A Wise Decision
Once again has the General Assembly of North Carolina
decided that divorces shall not be made easier by legislative enactment. Two or
three bills relating to the divorce question and destined to make that
instrument more easily obtained have been introduced and promptly rejected.
There is force in the suggestion that men should be required to observe the
same standard of morals that are demanded by society of the weaker sex. Both
should be measured by the same standard. At the same time there should be no
letting down of the bars of the divorce laws of the State and the present
General Assembly is showing wisdom in disapproving any further laxity in the
requirements touching marital relations and obligations.
The practice of letting down the bars for the benefit of
special cases started way back in 1899 and resulted in a goodly crop of
separations within a few years. Marriage became a mockery and the evil of
divorce thrived for a time. The double standard of morals will hardly be more
harmful than would letting down the bars for the purpose of making divorce easier.

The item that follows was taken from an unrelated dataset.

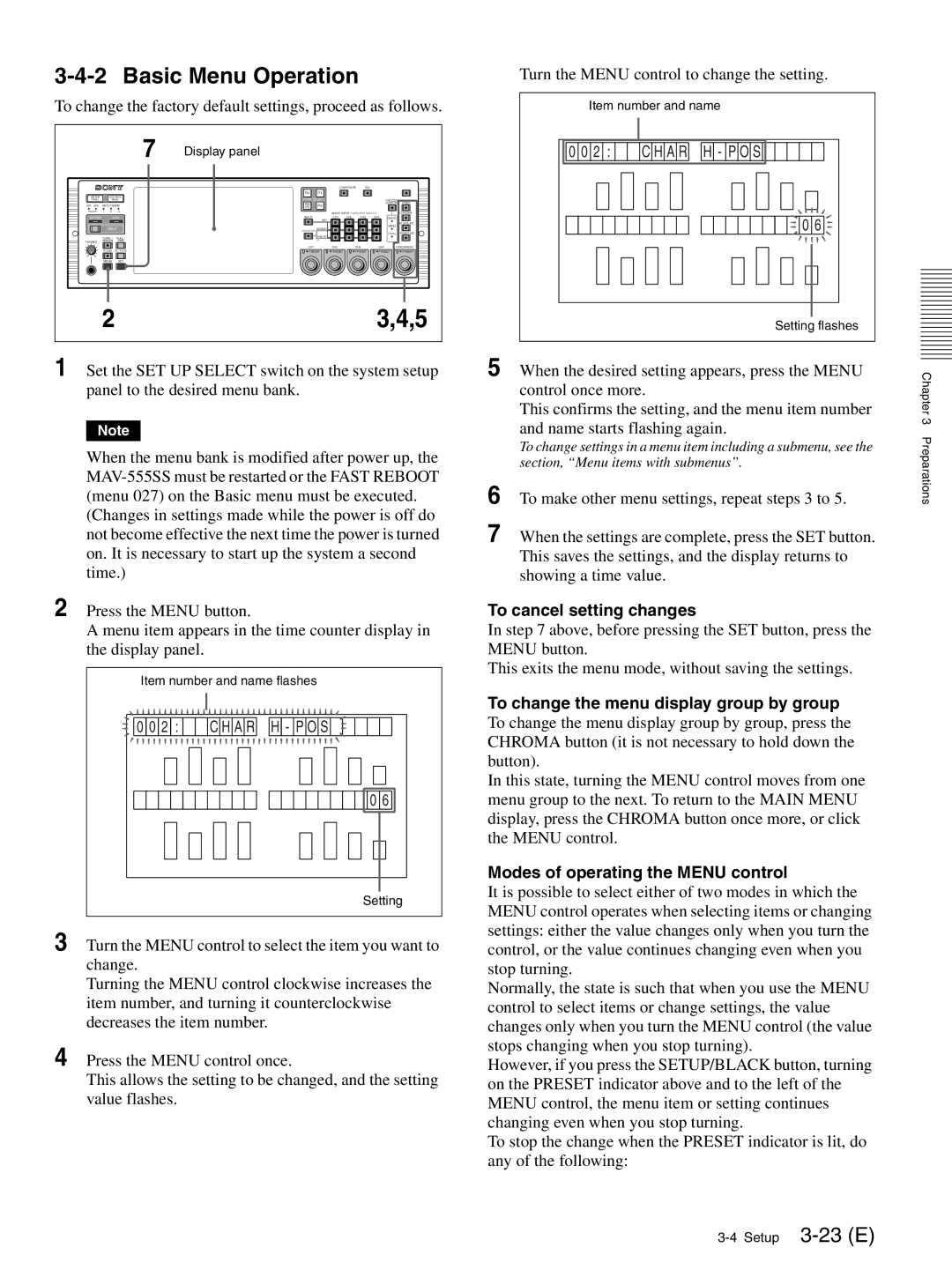 Sony MAV-555SS operation manual Basic Menu Operation, To cancel setting changes, Modes of operating the Menu control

The point advanced that men who insist—and rightly so—that their wives shall
“keep themselves unspotted form the world” should measure their own conduct by
the same yardstick. Only three states—Kentucky, New York and North
Carolina—make a distinction on this point and the Raleigh solons argued well
the point that changes in the present law contemplated by the proposed measure
might be used by immoral men to impose upon innocent women in the practice of
nefarious schemes against society was well taken. But the Legislature has
wisely concluded that divorce shall not be made easier in North Carolina at
this time. And the point is well taken.